We're halfway through the 2012 season and naturally, we're wondering how the Red Sox will fare for the rest of the year. At first glance, you might think the sky is falling due to Adrian Gonzalez's insane lack of power and weak starting pitching, but the Red Sox are not the utter disaster the media is making them out to be.
2012 strikes me exactly like 2006. There are some good core players and young talent with bright futures. Yet, although we like what we see in Saltalamacchia, Middlebrooks, Kalish and Felix Doubront, we can be realistic and say it's not their year to win a World Series title. Perhaps they can sneak into the playoffs, but I don't see them getting past the Yankees. Realistically, I bet they'll end up 85-77 and just miss the playoffs.
No matter what, don't let the media mess with your head. Look up and down the roster and there is enough talent to boost your spirits. Let's scroll down the diamond.
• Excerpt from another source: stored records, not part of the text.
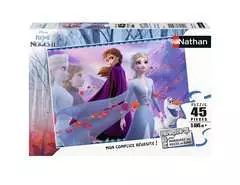 Nathan puzzle 45 p - L'amour de deux sœurs / Disney La Reine des Neiges 2 - Image 1 - Cliquer pour agrandir
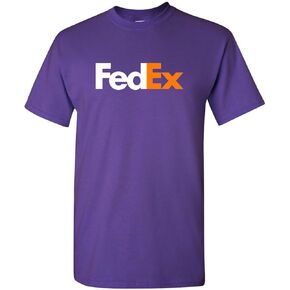 Fed Ex Delivery Driver T-Shirt | Postal Worker Style T-Shirt in Saudi Arabia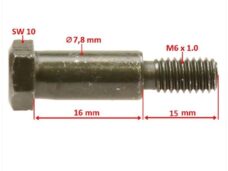 Hevel Bout SYM Fiddle II 50cc e4/e5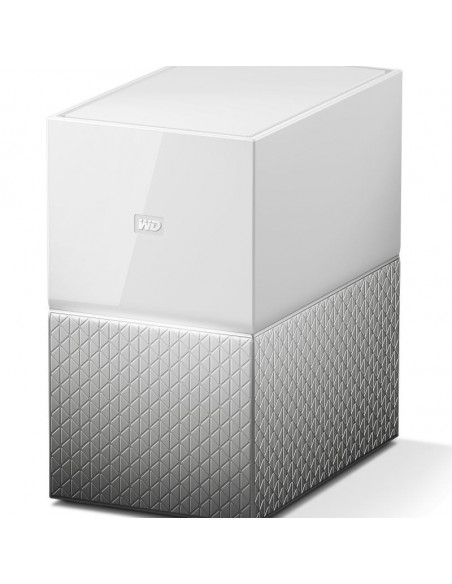 NAS STORAGE COMPACT 2BAY/8TB WDBMUT0080JWT-EESN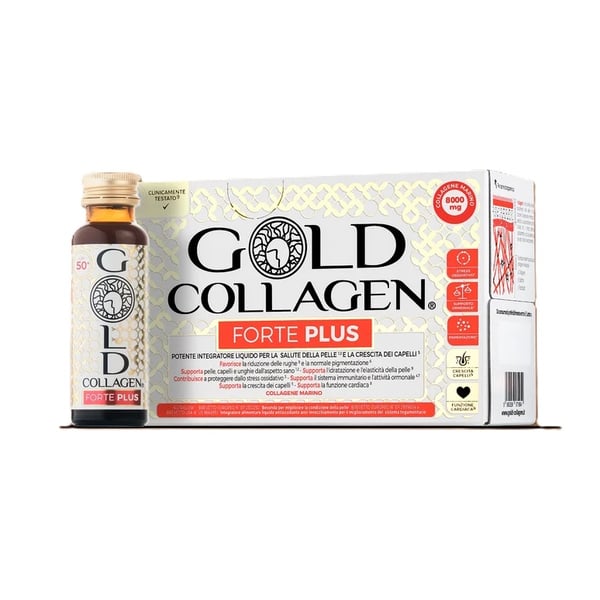 Gold Collagen Forte Plus Sol 50ml x10
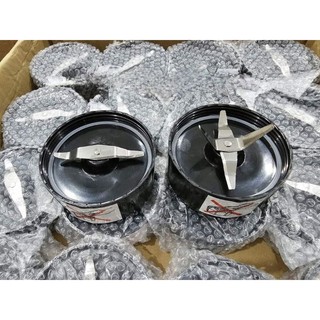Phụ kiện bộ dao xay 2 lưỡi, bộ dao 4 lưỡi, cốc cao, cốc thấp  máy xay sinh tố magic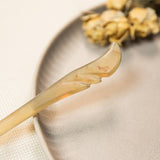 Ox Horn Curve Hair Stick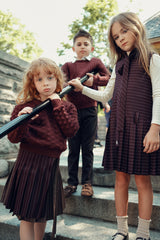 COTTIER OLIVIA FRONT TIE JUMPER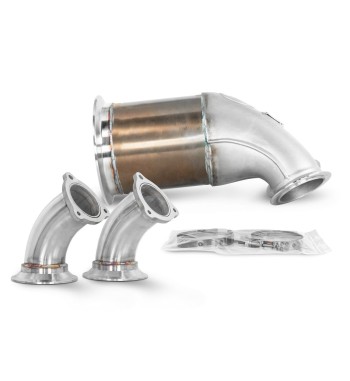 Wagner Hosenrohr Kit 300CPSI EU6 für : Audi S4 B9 / S5 F5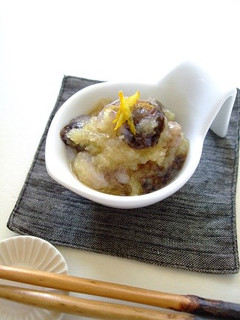 おろしなまこ酢 柚子風味-レシピのメイン写真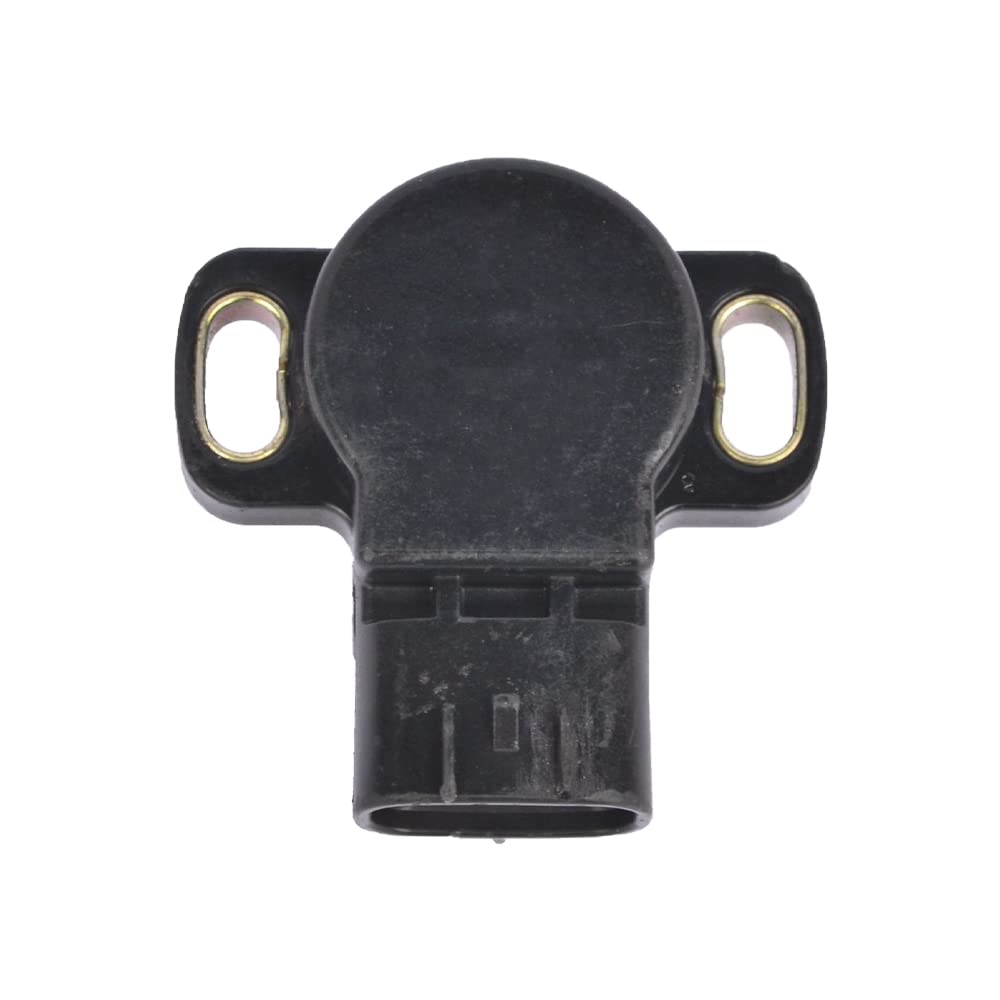 Turn Throttle Position Sensor Compatible with 2008-2012 Kawasaki Brute Force 750 Teryx 750 Replace 21176-0100 211760100 Strong Durability (6 * 4 *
Jarrod Saltalamacchia has taken off this year and it's been a pleasure to watch. Overall, I don't think Theo Epstein had a good eye for talent, but he was smart to buy low on Saltalamacchia. It has certainly paid off. The best thing about Salty is that he's still only 27 years old! ESPN has him on pace to play 128 games and hit .235 with 32 HR and 77 RBI. His critical OBP/SLG/OPS line stands at .285/.513/.798, and that's excellent for a catcher. He's shown good leadership skills and calls a fine game.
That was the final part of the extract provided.